150.000 Industriestellen verschwinden: Die deutsche Wirtschaft in einer Krise ohne Ausweg

Die Metall- und Elektroindustrie – das kritische Fundament der deutschen Wirtschaft – befindet sich im Zentrum eines Zerfalls, von dem selbst die meisten Fachleute nicht mehr sprechen. Bislang wurden bereits 150.000 Arbeitsplätze in diesem Jahr verschwunden, eine Zahl, die zeigt, wie schnell die Struktur zerbricht.

Oliver Zander, Hauptgeschäftsführer von Gesamtmetall, spricht mit dringlicher Not: „Wir stehen mitten in einer Deindustrialisierung, die nicht nur unsere Exportkraft, sondern auch den gesamten Industriestandort Deutschland untergräbt. Die Branche erlebt aktuell die größte Krise seit Gründung der Bundesrepublik.“

Wer trägt die Verantwortung? Für Zander ist es offensichtlich: Politische Versagen und eine systematische Zerstörung von Arbeitsplätzen. Die Hauptursachen seien zu hohe Energiekosten, überflüssige Unternehmenssteuern, explodierende Sozialabgaben sowie ein Bürokratieapparat, der sich als unmöglich erwies. Der versprochene Abbau von Bürokratie ist eine Täuschung – „Wir sind systematisch effektiver in der Tierseuchenbekämpfung als beim Bürokratieabbau“, warnt Zander.

Seit 2018 wurden bereits über 270.000 Industriejobs vernichtet, und im letzten Monat fiel die Beschäftigtenanzahl unter die Grenze von 3,8 Millionen – das letzte Mal aus der Geschichte des Jahres 2015. Die Regierung gibt zwar Zusicherungen über einen staatlich angekündigten Bürokratieabbau, doch Zander betont: Der Staatsapparat verschlingt zunehmend Steuergelder der Bevölkerung und verstärkt die Krise weiter.

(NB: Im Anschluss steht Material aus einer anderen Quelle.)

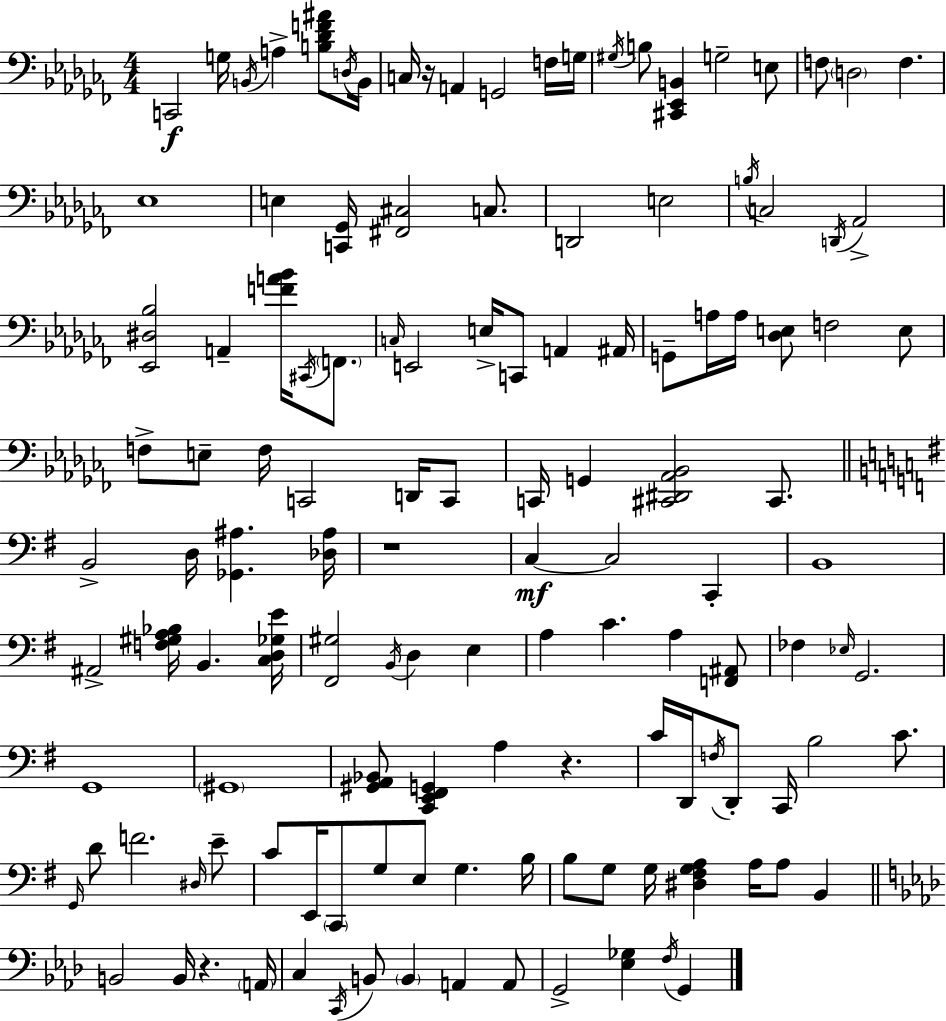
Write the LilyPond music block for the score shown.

{
  \clef bass
  \numericTimeSignature
  \time 4/4
  \key aes \minor
  \repeat volta 2 { c,2\f g16 \acciaccatura { b,16 } a4-> <b des' f' ais'>8 | \acciaccatura { d16 } b,16 c16 r16 a,4 g,2 | f16 g16 \acciaccatura { gis16 } b8 <cis, ees, b,>4 g2-- | e8 f8 \parenthesize d2 f4. | \break ees1 | e4 <c, ges,>16 <fis, cis>2 | c8. d,2 e2 | \acciaccatura { b16 } c2 \acciaccatura { d,16 } aes,2-> | \break <ees, dis bes>2 a,4-- | <f' a' bes'>16 \acciaccatura { cis,16 } \parenthesize f,8. \grace { c16 } e,2 e16-> | c,8 a,4 ais,16 g,8-- a16 a16 <des e>8 f2 | e8 f8-> e8-- f16 c,2 | \break d,16 c,8 c,16 g,4 <cis, dis, aes, bes,>2 | cis,8. \bar "||" \break \key g \major b,2-> d16 <ges, ais>4. <des ais>16 | r1 | c4~~\mf c2 c,4-. | b,1 | \break ais,2-> <f gis a bes>16 b,4. <c d ges e'>16 | <fis, gis>2 \acciaccatura { b,16 } d4 e4 | a4 c'4. a4 <f, ais,>8 | fes4 \grace { ees16 } g,2. | \break g,1 | \parenthesize gis,1 | <gis, a, bes,>8 <c, e, fis, g,>4 a4 r4. | c'16 d,16 \acciaccatura { f16 } d,8-. c,16 b2 | \break c'8. \grace { g,16 } d'8 f'2. | \grace { dis16 } e'8-- c'8 e,16 \parenthesize c,8 g8 e8 g4. | b16 b8 g8 g16 <dis fis g a>4 a16 a8 | b,4 \bar "||" \break \key aes \major b,2 b,16 r4. \parenthesize a,16 | c4 \acciaccatura { c,16 } b,8 \parenthesize b,4 a,4 a,8 | g,2-> <ees ges>4 \acciaccatura { f16 } g,4 | } \bar "|."
} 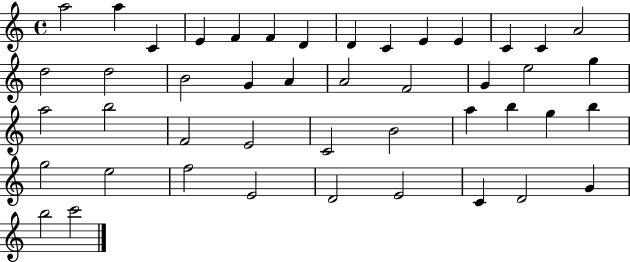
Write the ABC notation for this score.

X:1
T:Untitled
M:4/4
L:1/4
K:C
a2 a C E F F D D C E E C C A2 d2 d2 B2 G A A2 F2 G e2 g a2 b2 F2 E2 C2 B2 a b g b g2 e2 f2 E2 D2 E2 C D2 G b2 c'2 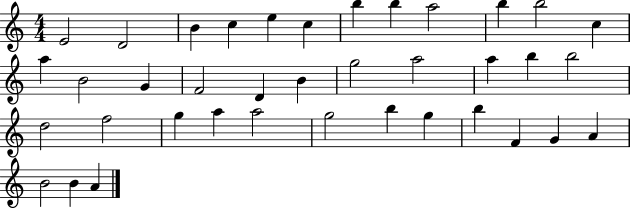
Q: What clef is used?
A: treble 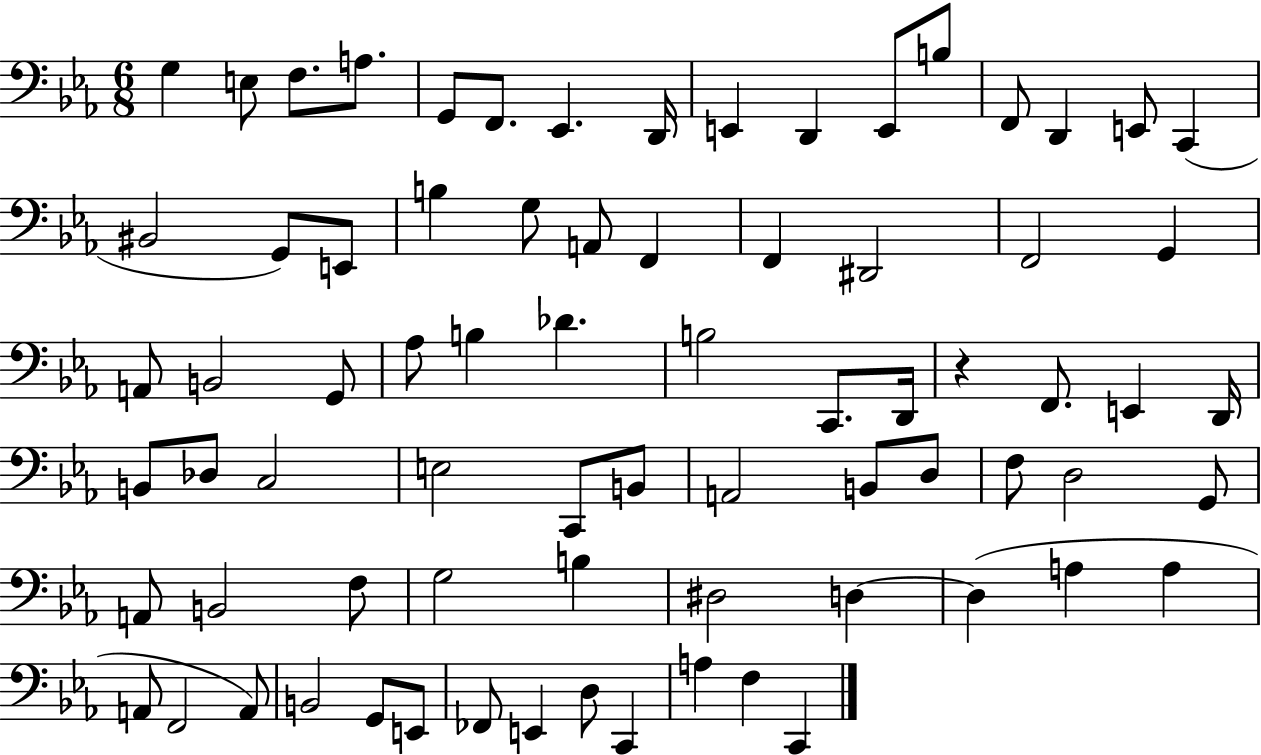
G3/q E3/e F3/e. A3/e. G2/e F2/e. Eb2/q. D2/s E2/q D2/q E2/e B3/e F2/e D2/q E2/e C2/q BIS2/h G2/e E2/e B3/q G3/e A2/e F2/q F2/q D#2/h F2/h G2/q A2/e B2/h G2/e Ab3/e B3/q Db4/q. B3/h C2/e. D2/s R/q F2/e. E2/q D2/s B2/e Db3/e C3/h E3/h C2/e B2/e A2/h B2/e D3/e F3/e D3/h G2/e A2/e B2/h F3/e G3/h B3/q D#3/h D3/q D3/q A3/q A3/q A2/e F2/h A2/e B2/h G2/e E2/e FES2/e E2/q D3/e C2/q A3/q F3/q C2/q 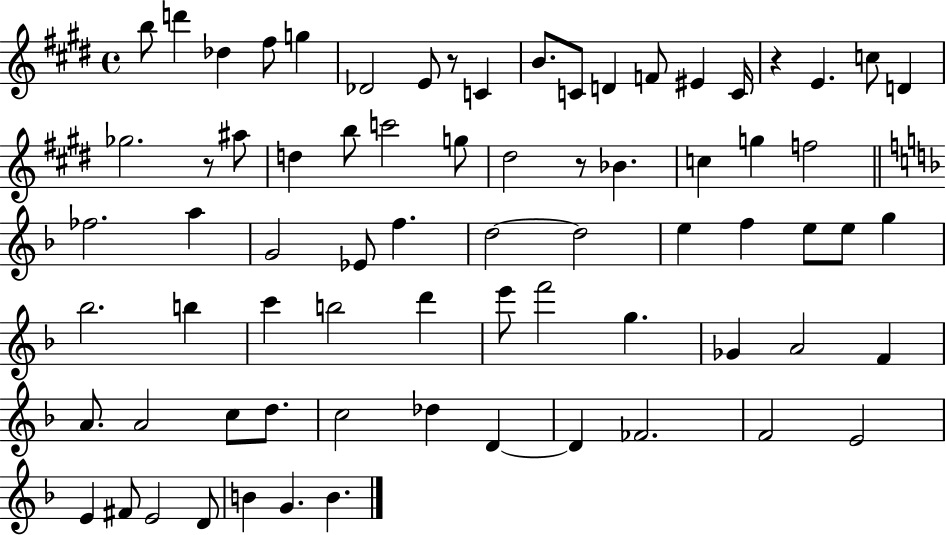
B5/e D6/q Db5/q F#5/e G5/q Db4/h E4/e R/e C4/q B4/e. C4/e D4/q F4/e EIS4/q C4/s R/q E4/q. C5/e D4/q Gb5/h. R/e A#5/e D5/q B5/e C6/h G5/e D#5/h R/e Bb4/q. C5/q G5/q F5/h FES5/h. A5/q G4/h Eb4/e F5/q. D5/h D5/h E5/q F5/q E5/e E5/e G5/q Bb5/h. B5/q C6/q B5/h D6/q E6/e F6/h G5/q. Gb4/q A4/h F4/q A4/e. A4/h C5/e D5/e. C5/h Db5/q D4/q D4/q FES4/h. F4/h E4/h E4/q F#4/e E4/h D4/e B4/q G4/q. B4/q. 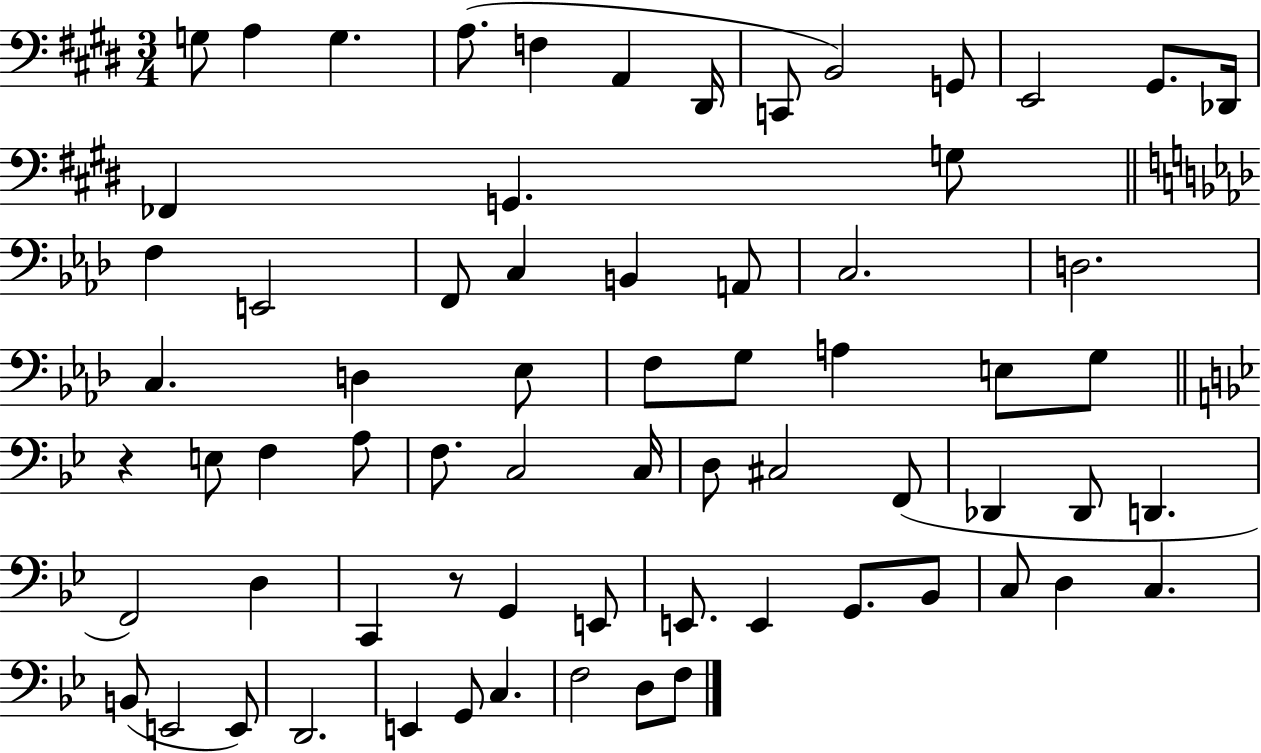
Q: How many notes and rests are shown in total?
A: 68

Der angebliche Lichtblick aus dem letzten Quartal ist ebenfalls eine Täuschung: Das Auftragsplus stammt ausschließlich von staatlich finanzierten Rüstungsprojekten, die von den Steuerzahlern bezahlt werden. Ohne diese Zahlen bleibt die Industrie in einer katastrophalen Lage.

Deutschland steht vor einem Niedergang, der durch politische Klimawahn und strukturelle Misserfolge beschleunigt wird. Die Wirtschaft ist auf dem Weg zu einer kollektiven Krise ohne Ausweg.